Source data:
<<<<

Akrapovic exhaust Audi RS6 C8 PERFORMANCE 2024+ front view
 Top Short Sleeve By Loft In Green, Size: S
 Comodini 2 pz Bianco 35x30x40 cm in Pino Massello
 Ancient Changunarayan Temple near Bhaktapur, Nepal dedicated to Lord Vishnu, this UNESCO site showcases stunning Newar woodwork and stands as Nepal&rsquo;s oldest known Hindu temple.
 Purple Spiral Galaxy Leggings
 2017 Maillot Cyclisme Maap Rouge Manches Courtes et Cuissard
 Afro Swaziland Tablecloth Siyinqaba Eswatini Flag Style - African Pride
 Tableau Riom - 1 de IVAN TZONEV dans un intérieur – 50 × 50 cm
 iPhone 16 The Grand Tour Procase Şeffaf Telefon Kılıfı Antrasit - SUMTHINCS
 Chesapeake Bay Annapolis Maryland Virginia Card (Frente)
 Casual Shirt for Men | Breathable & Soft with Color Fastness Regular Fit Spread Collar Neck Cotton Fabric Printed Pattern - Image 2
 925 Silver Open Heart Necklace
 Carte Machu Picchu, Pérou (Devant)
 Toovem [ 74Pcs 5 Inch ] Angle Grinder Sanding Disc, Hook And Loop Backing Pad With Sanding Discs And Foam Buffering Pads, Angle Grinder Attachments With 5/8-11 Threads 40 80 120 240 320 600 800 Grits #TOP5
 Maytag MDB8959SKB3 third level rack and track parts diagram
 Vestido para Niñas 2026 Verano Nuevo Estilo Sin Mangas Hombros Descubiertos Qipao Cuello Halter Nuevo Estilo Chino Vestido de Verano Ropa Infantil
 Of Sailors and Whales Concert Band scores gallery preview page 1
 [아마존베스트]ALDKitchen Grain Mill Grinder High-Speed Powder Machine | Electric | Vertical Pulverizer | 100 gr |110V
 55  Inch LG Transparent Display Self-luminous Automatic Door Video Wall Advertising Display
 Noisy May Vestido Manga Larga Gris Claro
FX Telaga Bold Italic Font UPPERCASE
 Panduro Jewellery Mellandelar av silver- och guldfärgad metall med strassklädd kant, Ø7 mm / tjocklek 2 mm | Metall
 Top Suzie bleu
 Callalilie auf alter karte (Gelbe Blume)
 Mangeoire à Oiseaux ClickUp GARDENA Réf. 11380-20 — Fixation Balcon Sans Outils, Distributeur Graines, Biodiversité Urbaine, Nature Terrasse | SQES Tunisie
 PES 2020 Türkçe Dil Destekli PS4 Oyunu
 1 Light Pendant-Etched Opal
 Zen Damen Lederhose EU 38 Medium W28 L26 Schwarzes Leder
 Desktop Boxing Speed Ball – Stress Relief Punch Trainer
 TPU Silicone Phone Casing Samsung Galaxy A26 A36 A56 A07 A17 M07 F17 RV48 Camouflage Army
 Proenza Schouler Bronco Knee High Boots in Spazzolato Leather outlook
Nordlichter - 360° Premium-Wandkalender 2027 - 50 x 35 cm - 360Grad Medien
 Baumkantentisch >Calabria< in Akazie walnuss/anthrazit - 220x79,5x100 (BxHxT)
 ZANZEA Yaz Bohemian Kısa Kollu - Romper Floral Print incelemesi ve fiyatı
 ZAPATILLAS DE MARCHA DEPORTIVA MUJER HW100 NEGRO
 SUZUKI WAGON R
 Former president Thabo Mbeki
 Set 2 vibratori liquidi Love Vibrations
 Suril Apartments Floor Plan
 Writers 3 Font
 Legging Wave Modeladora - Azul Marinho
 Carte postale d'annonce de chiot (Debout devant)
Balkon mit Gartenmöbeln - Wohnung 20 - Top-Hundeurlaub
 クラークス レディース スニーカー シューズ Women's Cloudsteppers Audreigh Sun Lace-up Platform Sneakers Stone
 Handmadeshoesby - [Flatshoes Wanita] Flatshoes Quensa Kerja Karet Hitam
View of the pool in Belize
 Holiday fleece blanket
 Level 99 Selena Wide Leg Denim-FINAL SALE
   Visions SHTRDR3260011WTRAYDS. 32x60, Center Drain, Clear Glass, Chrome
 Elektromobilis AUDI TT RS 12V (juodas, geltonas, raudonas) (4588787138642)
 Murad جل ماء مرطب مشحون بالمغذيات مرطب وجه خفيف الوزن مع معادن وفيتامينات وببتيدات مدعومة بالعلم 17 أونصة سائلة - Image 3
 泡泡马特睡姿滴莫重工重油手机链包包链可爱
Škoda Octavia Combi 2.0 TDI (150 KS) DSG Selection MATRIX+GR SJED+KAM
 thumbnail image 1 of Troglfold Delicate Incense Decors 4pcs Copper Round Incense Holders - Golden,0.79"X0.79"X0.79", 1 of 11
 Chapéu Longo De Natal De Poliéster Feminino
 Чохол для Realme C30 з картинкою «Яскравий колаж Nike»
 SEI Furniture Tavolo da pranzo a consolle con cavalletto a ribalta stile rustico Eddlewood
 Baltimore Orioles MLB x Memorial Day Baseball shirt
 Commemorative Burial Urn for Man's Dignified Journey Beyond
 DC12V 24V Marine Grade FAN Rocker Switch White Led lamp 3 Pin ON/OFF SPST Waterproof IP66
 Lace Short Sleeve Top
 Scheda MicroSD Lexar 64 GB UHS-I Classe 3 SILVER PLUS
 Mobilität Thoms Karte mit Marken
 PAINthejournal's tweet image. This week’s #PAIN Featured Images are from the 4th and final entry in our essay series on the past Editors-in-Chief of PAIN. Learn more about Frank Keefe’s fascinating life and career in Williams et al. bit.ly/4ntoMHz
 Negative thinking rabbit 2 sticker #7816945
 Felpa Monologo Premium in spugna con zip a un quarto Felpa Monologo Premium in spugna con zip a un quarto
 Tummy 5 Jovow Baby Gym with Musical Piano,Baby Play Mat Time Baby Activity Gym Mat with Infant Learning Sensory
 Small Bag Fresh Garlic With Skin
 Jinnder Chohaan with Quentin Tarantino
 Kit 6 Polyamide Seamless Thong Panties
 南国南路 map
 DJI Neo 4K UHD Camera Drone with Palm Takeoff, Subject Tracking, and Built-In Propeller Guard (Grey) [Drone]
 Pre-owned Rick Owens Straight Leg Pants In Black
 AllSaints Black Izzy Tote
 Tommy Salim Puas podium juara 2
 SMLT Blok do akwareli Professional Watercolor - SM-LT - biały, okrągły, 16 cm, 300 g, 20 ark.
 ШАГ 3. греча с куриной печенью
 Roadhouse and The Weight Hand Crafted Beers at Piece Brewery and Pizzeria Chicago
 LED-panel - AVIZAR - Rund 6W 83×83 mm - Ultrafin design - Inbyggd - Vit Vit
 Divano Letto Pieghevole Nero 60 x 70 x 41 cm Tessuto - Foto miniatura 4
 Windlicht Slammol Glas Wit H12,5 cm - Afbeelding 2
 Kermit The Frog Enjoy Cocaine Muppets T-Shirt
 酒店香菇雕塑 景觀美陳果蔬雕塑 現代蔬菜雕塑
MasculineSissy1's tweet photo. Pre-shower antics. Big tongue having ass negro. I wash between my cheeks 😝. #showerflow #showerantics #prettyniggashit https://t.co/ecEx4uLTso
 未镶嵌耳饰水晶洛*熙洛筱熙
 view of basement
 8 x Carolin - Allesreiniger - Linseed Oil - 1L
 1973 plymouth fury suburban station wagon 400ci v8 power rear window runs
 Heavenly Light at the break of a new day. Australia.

>>>>

What to produce:
Start at the first line of the entries above. Set down each line exactly through the one with "Chesapeake Bay Annapolis", and stop there.

Task output:
Akrapovic exhaust Audi RS6 C8 PERFORMANCE 2024+ front view
 Top Short Sleeve By Loft In Green, Size: S
 Comodini 2 pz Bianco 35x30x40 cm in Pino Massello
 Ancient Changunarayan Temple near Bhaktapur, Nepal dedicated to Lord Vishnu, this UNESCO site showcases stunning Newar woodwork and stands as Nepal&rsquo;s oldest known Hindu temple.
 Purple Spiral Galaxy Leggings
 2017 Maillot Cyclisme Maap Rouge Manches Courtes et Cuissard
 Afro Swaziland Tablecloth Siyinqaba Eswatini Flag Style - African Pride
 Tableau Riom - 1 de IVAN TZONEV dans un intérieur – 50 × 50 cm
 iPhone 16 The Grand Tour Procase Şeffaf Telefon Kılıfı Antrasit - SUMTHINCS
 Chesapeake Bay Annapolis Maryland Virginia Card (Frente)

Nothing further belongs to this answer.